Invalid Unicode encodings in Facebook data exports
An interesting case study of how even a large company can get Unicode encoding wrong in their data export format.
When you remove your Facebook account, you can download a copy of your data so that years of savvy punchlines are not lost for posterity.
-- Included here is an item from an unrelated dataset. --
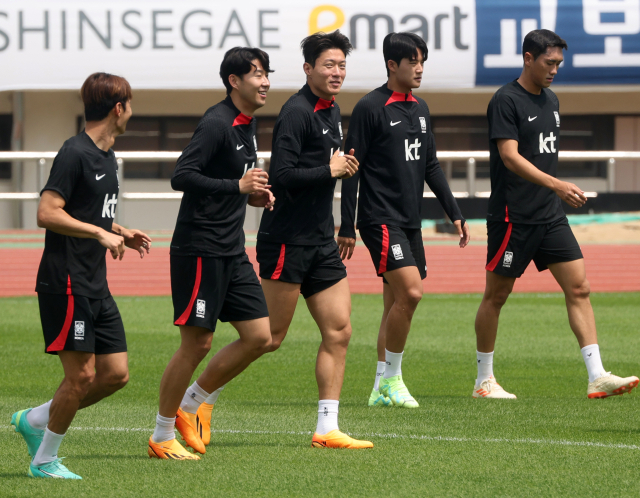 13일 부산 서구 구덕운동장에서 손흥민(왼쪽에서 두 번째)을 비롯한 축구 국가대표팀이 훈련하고 있다. 연합뉴스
What you get is a massive ZIP that contains JSON, images etc. The next logical step
is to import the posts into ElasticSearch, so that they are easily searchable. A regular
json.import() however gets you garbled output, if you happened to write in one of many
languages that use non-ASCII characters.
The issue is non-obvious on the first look. They’re using the \u escape sequences
to encode the Unicode characters, right?
000022a0 6c 69 20 7a 61 77 69 65 72 61 6a 5c 75 30 30 63 |li zawieraj\u00c|
000022b0 34 5c 75 30 30 38 35 63 79 63 68 20 5c 22 74 72 |4\u0085cych \"tr|
Well, no. What was there originally is a Polish language diacritic character ą
called U+105 (LATIN SMALL LETTER A WITH OGONEK) in Unicode. Proper JSON
encoding would produce the following:
> print(json.dumps('ą'))
"\u0105"
The \u escape sequence encodes an Unicode character
with the code point that follows next, so \u0105 encodes the U+105 ą
character.
Unicode code point vs encoding
So what are these \u00c4\u0085c? Comes out it’s a binary representation
of UTF-8 encoded character U+105.
- Unicode code-point (U+105) is basically just the number of the character
in the Unicode catalogue, which is literally a book, where
U+0061is lettera,U+0062is letterband so on, until finallyU+105is letterą. Any compatible JSON processor will decode the escape sequence\u0105as letterą. - The escape sequence occupies 6 bytes, which is a lot for just a single character. To save space there’s a whole lot of ways how an Unicode character, an abstract object referenced by its code point, can be encoded into a sequence of bytes.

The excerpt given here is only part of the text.